** Given entries follows **

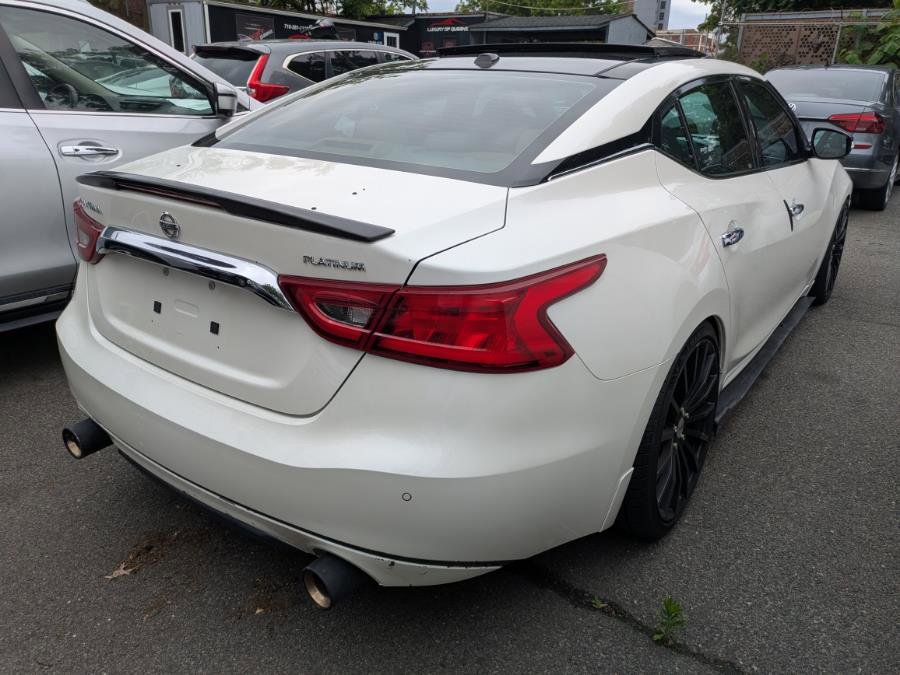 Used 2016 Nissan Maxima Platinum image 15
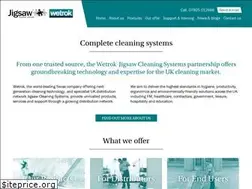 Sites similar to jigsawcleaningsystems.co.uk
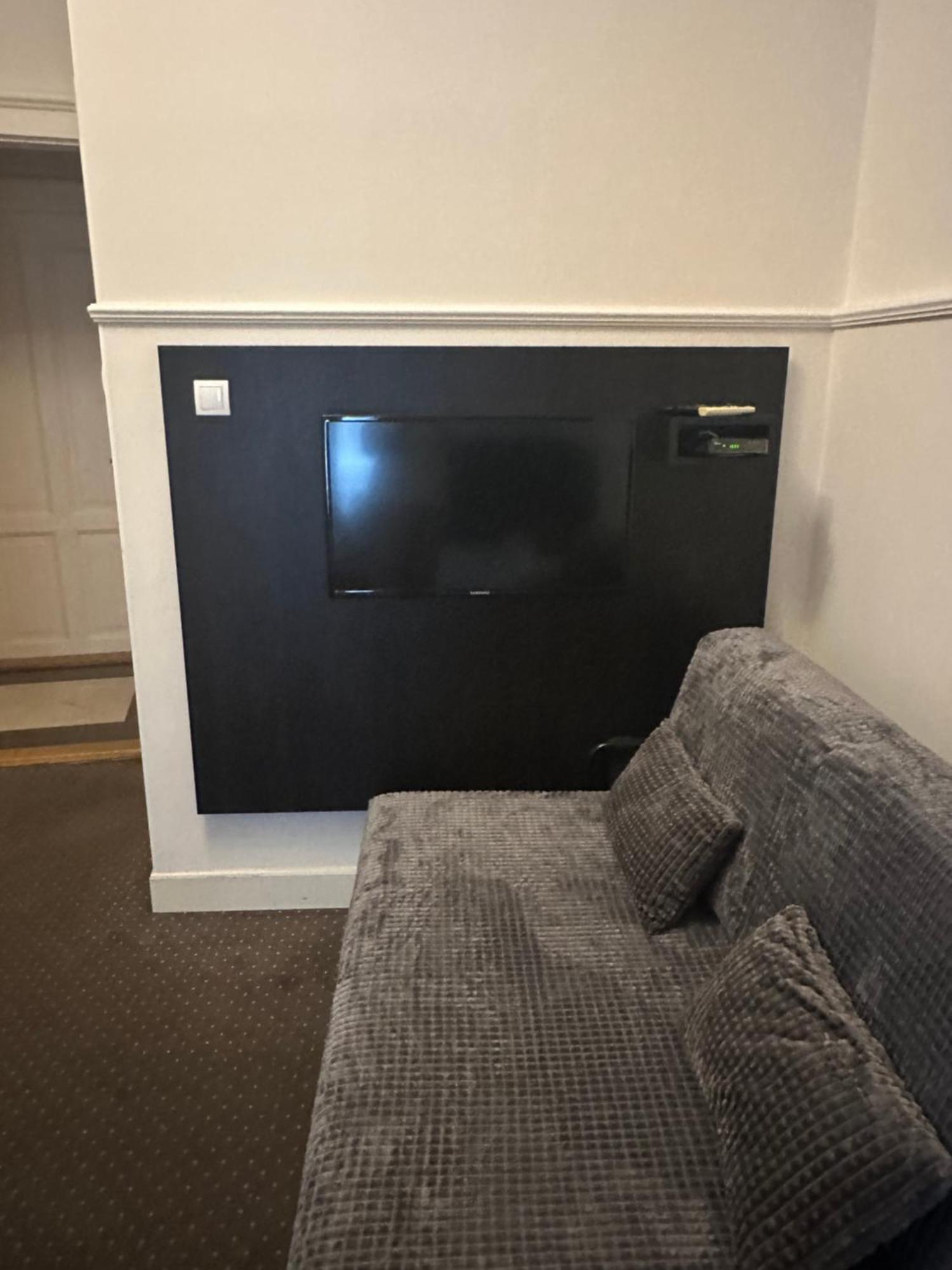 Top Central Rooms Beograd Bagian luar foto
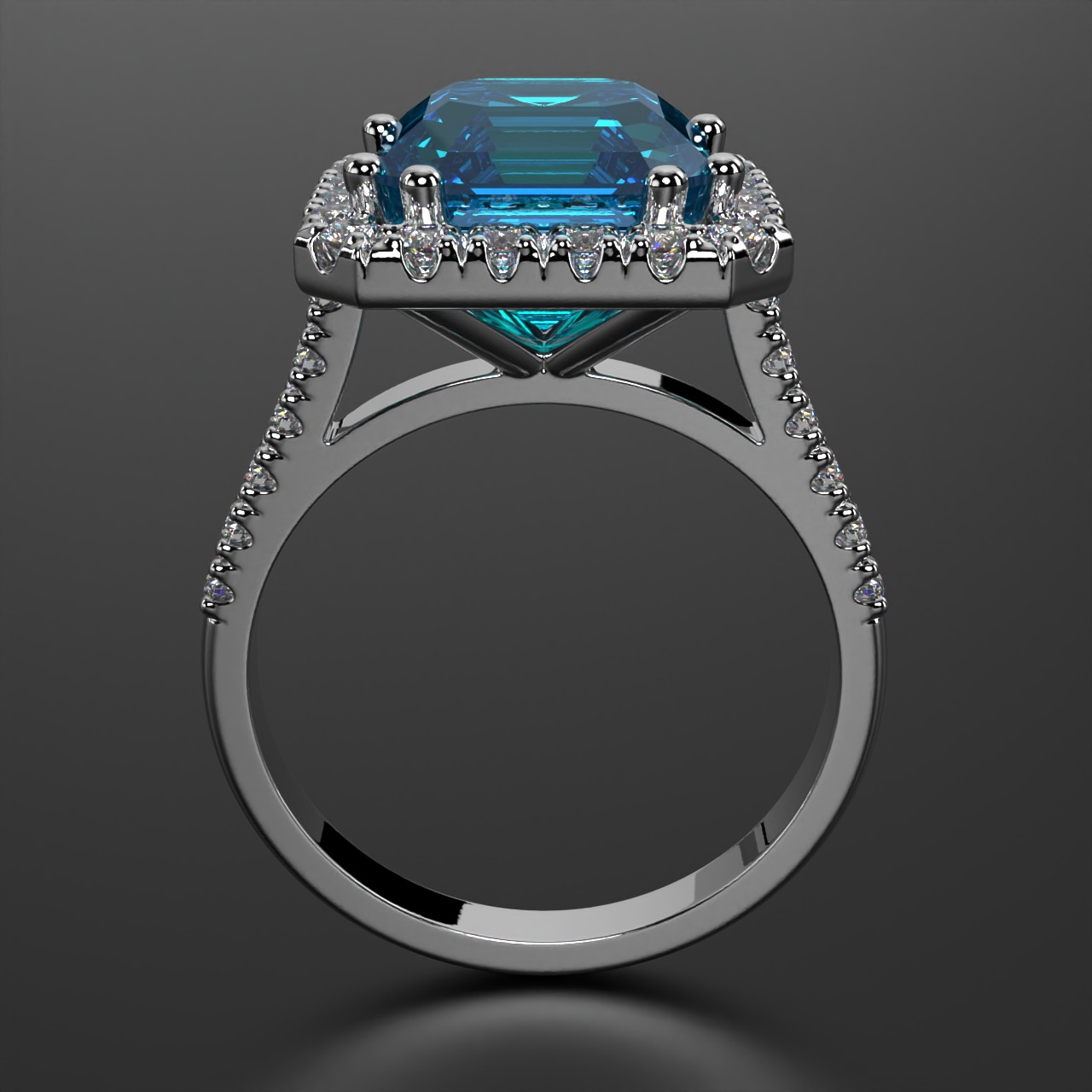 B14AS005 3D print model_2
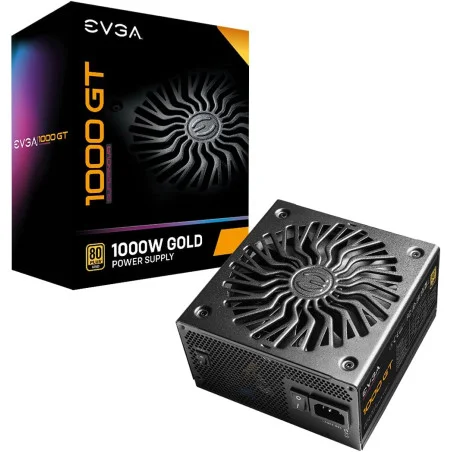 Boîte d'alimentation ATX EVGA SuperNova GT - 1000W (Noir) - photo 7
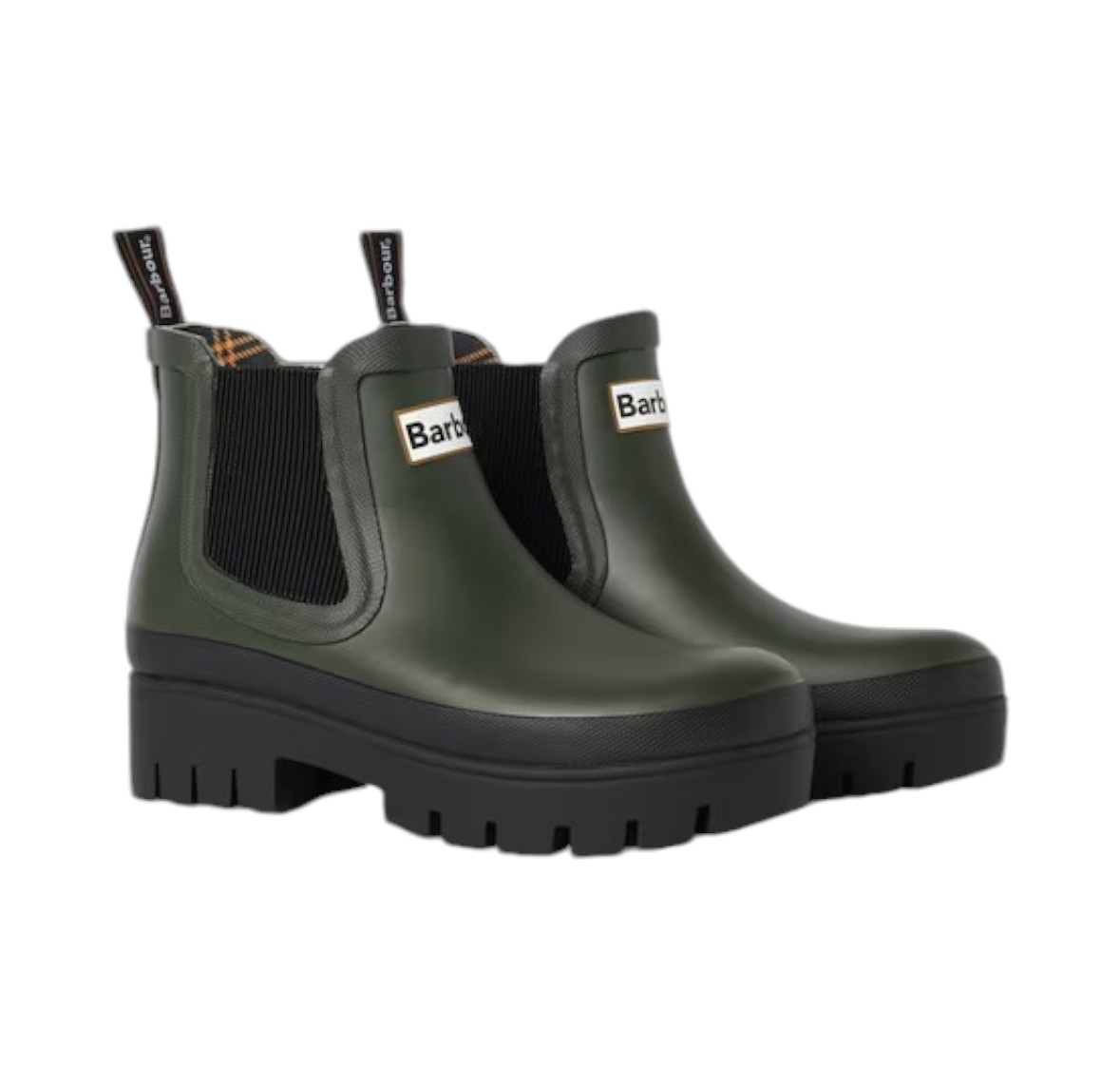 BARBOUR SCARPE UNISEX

** End of Given entries **

### Exercise aim
Transcribe the listing above verbatim. Omit the pictures.

### Your solution
 Used 2016 Nissan Maxima Platinum image 15
 Sites similar to jigsawcleaningsystems.co.uk
 Top Central Rooms Beograd Bagian luar foto
 B14AS005 3D print model_2
 Boîte d'alimentation ATX EVGA SuperNova GT - 1000W (Noir) - photo 7
 BARBOUR SCARPE UNISEX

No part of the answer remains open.